Short web captions:
◇ ◇ ◇ ◇ ◇ ◇ ◇

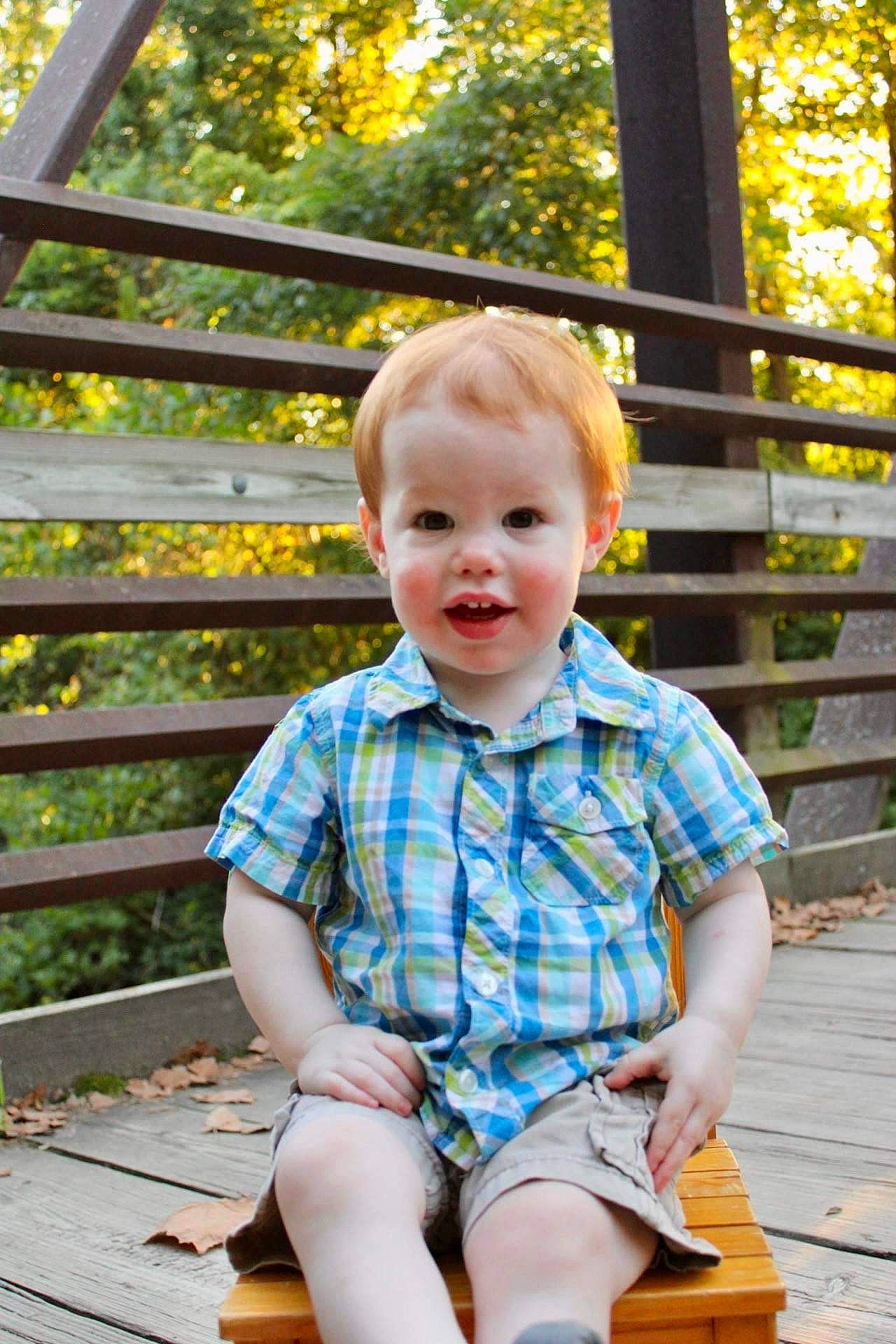 Everett is registered to the contest to win money with this photo: baby_toddler_clothing, child, eye, face, facial_expression, grass, happy, head, leaf, leisure, people_in_nature, person, plaid, shorts, smile, standing, summer, t_shirt, toddler, wood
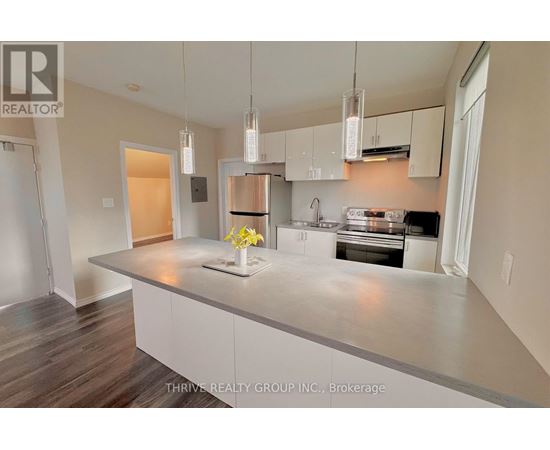 A kitchen with a large island in the middle.
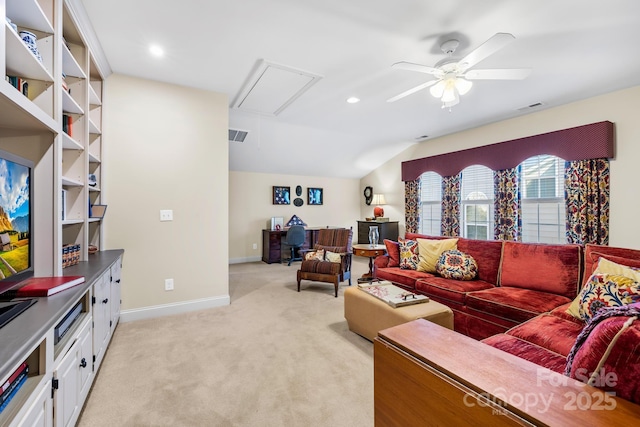 living room featuring vaulted ceiling, ceiling fan, and light carpet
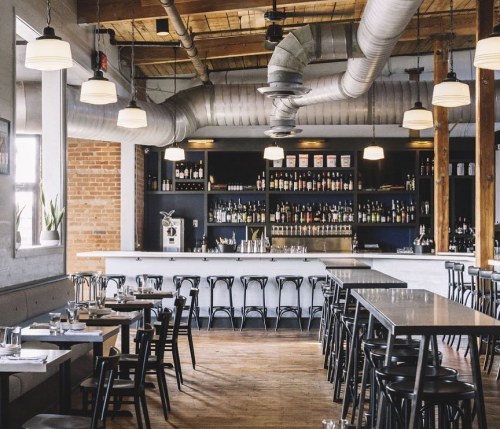 Modern restaurant interior with wooden beams, a bar, and black chairs arranged around tables. Warm, inviting atmosphere.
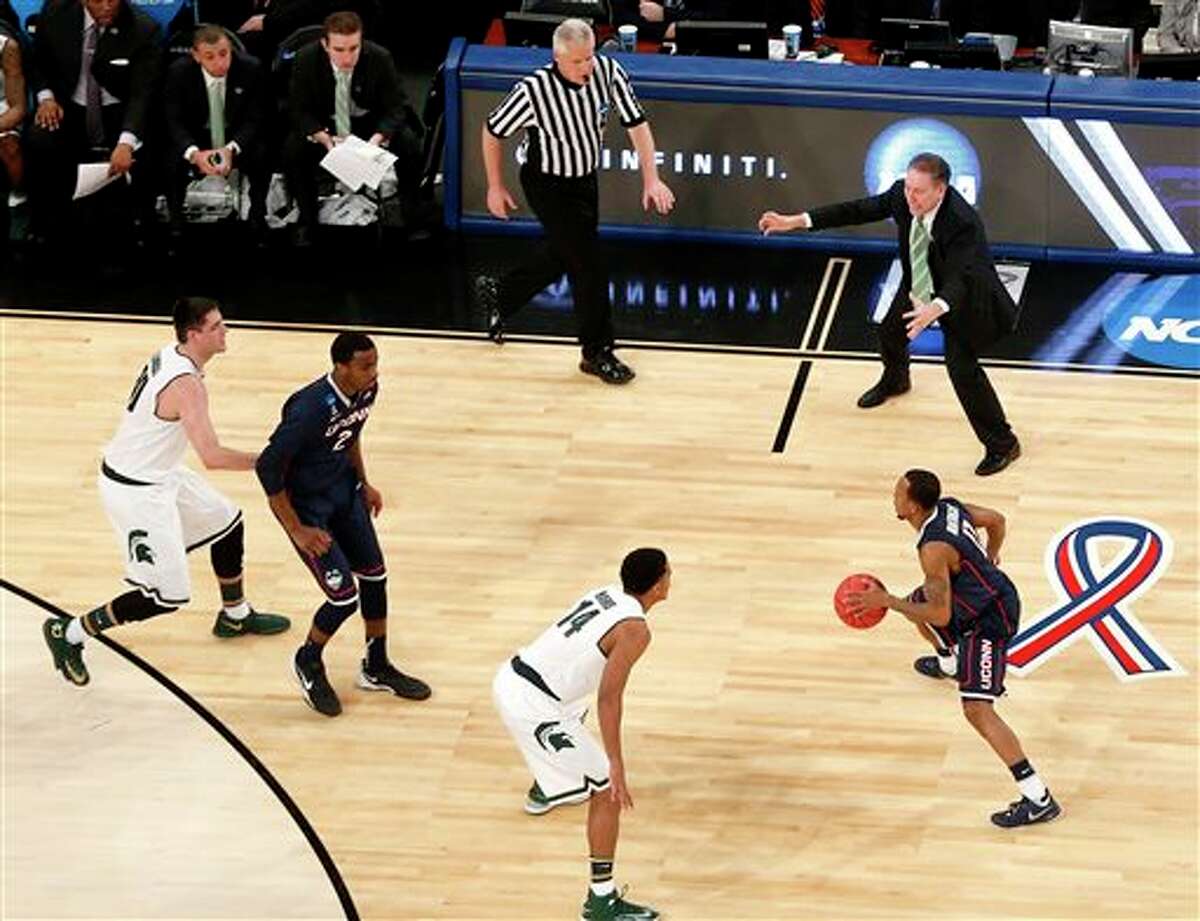 Michigan State head coach Tom Izzo, top right, talks to his team during the first half in a regional semifinal at the NCAA college basketball tournament against Connecticut, Sunday, March 30, 2014, in New York. (AP Photo/Julio Cortez)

◇ ◇ ◇ ◇ ◇ ◇ ◇

# [WORK TASK]
Without the pictures, print the records in full, exactly as they appear.

# [EXERCISE RESULT]
 Everett is registered to the contest to win money with this photo: baby_toddler_clothing, child, eye, face, facial_expression, grass, happy, head, leaf, leisure, people_in_nature, person, plaid, shorts, smile, standing, summer, t_shirt, toddler, wood
 A kitchen with a large island in the middle.
 living room featuring vaulted ceiling, ceiling fan, and light carpet
 Modern restaurant interior with wooden beams, a bar, and black chairs arranged around tables. Warm, inviting atmosphere.
 Michigan State head coach Tom Izzo, top right, talks to his team during the first half in a regional semifinal at the NCAA college basketball tournament against Connecticut, Sunday, March 30, 2014, in New York. (AP Photo/Julio Cortez)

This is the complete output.